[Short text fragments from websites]
*** Block opens ***
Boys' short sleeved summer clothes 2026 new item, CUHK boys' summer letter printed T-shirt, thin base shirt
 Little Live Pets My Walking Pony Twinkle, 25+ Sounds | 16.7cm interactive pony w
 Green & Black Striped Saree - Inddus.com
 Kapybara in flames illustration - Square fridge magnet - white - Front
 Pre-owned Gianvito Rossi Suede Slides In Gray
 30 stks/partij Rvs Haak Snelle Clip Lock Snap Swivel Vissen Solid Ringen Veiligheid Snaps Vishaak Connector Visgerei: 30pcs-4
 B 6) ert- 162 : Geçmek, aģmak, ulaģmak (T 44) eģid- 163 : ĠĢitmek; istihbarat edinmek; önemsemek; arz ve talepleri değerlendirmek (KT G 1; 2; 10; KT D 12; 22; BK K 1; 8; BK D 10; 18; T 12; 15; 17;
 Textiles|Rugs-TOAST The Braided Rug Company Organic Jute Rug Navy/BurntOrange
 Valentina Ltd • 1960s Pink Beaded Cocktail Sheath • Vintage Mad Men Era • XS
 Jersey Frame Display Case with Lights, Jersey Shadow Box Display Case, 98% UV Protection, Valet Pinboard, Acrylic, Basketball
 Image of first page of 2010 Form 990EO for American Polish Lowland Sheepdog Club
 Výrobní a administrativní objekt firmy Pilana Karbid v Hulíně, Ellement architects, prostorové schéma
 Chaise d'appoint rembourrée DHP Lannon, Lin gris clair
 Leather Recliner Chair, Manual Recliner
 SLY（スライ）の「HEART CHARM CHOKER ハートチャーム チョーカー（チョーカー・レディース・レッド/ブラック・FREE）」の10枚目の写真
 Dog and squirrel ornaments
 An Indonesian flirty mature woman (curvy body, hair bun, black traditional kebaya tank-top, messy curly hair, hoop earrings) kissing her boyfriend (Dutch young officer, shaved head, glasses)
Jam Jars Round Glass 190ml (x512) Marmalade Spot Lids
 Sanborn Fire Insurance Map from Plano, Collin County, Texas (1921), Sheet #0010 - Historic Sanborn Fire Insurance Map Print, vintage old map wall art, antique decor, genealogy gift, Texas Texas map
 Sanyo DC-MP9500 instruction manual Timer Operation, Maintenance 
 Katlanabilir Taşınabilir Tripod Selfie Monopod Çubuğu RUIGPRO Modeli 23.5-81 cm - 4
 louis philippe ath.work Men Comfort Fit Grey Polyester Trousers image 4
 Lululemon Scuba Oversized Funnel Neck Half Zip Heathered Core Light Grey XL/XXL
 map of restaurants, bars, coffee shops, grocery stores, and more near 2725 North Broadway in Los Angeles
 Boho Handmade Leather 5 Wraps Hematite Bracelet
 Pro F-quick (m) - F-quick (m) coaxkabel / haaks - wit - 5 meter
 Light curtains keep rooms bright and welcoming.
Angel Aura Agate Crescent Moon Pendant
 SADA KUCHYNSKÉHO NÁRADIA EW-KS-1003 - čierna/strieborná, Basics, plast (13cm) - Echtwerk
*** Block closes ***
» THE TASK: For the string "Grey", return every line of the data where it appears.

» OUTPUT OF THE EXERCISE:
 louis philippe ath.work Men Comfort Fit Grey Polyester Trousers image 4
 Lululemon Scuba Oversized Funnel Neck Half Zip Heathered Core Light Grey XL/XXL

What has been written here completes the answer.